砦を確保していろという指示なので、しばらく王都へは戻りませんし、それに王都には住んでませんので帰れるかどうかと言われても…」
かつての仲間だろうと気に掛けるのはどの種だろうと関係ないだろうと。
そういった気に掛ける友人が彼女にはいないのだろうか。
やや交戦の意思を見せ始める彼女に対して、素なのか皮肉なのかわかりづらい返しをし始めた。
■ロザリア >
「ならば理解できぬし、人間に尻尾を振るような真似をする者を友とば呼ばぬ」
その眼を伏せ、淡々とした受け答え
やがて皮肉とも取れる言葉が降り掛かれば、ゆっくりとそのエメラルド色の瞳を開いてゆく
「砦を取り返せば、またあの男が現れるかもしれぬのだぞ」
■ヴェルム > 「そうですか…人より長く生き、知識も経験も遥かに多い魔族と言っても、石頭なのは人と変わらないね」
少々、期待はずれだと言いたげな視線を向けて微笑んだ。
オーギュストを打ち破り、舜胤に信頼されるロザリアという人物がどれほどのものか楽しみにしていたが。
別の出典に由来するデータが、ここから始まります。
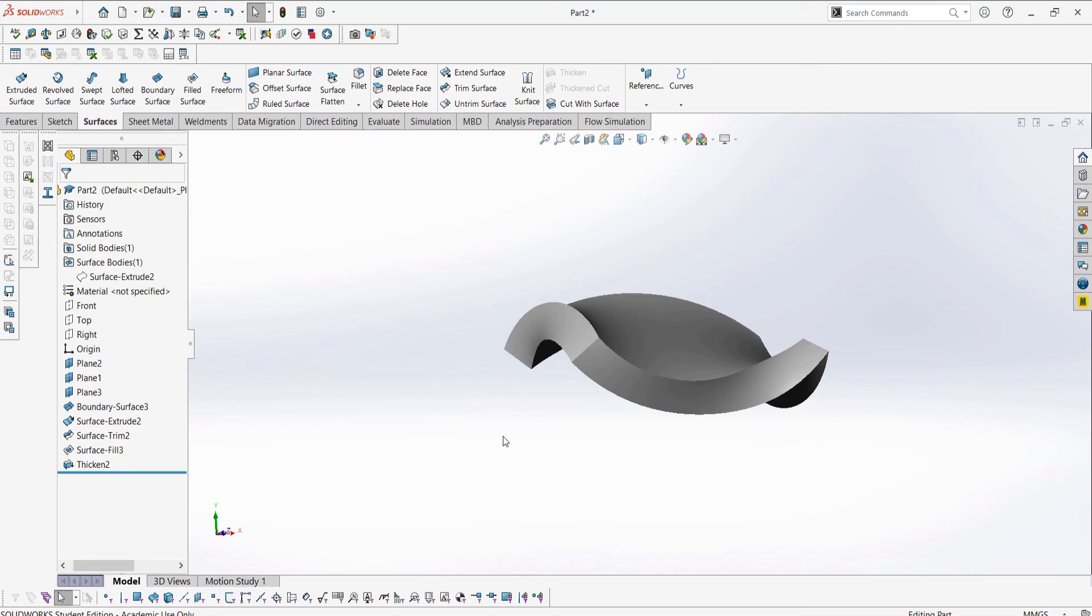Thank you for watching the first episode on the basics of surfacing. I hope you have a better understanding of surfaces and how they work, and you are prepared to look at some more advanced techniques and advanced videos to come. Be sure to like, subscribe, and hit the notification bell if you've learned anything, and I will see you in the next video.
彼女のエメラルド色の瞳を見ても、その表情は崩れない。
「なら、好きなだけ攻めさせてやればいい。
無益な戦いを繰り返させるなんて、あの男の死後の人生にはお似合いだ」
いつの間にか砕けた言い回しになりつつ、砦にあの男が現れても構わないとのたまう。
現れた場合の対処法でも頭に浮かんでいるのかどうか。
■ロザリア >
「ふむ。無理に理解せよとも、そういった期待も持ってはおらぬ。
警告のつもりであったが、では好きにするがよい。吾もあの男の好きにさせておくとしよう」
そう言い残し、無防備なその背を向けて
「同じ人間が死後の永遠の争いに囚われる様を似合いだという。
──やはり吾は貴様ら人間を好きになれそうにはないな。
せいぜい、争い好き同士で殺し合っていると良い」
ケープを羽織るように漆黒の翼が現れ、月夜の先へと、飛び立っていった──
ご案内:「タナール砦」からロザリアさんが去りました。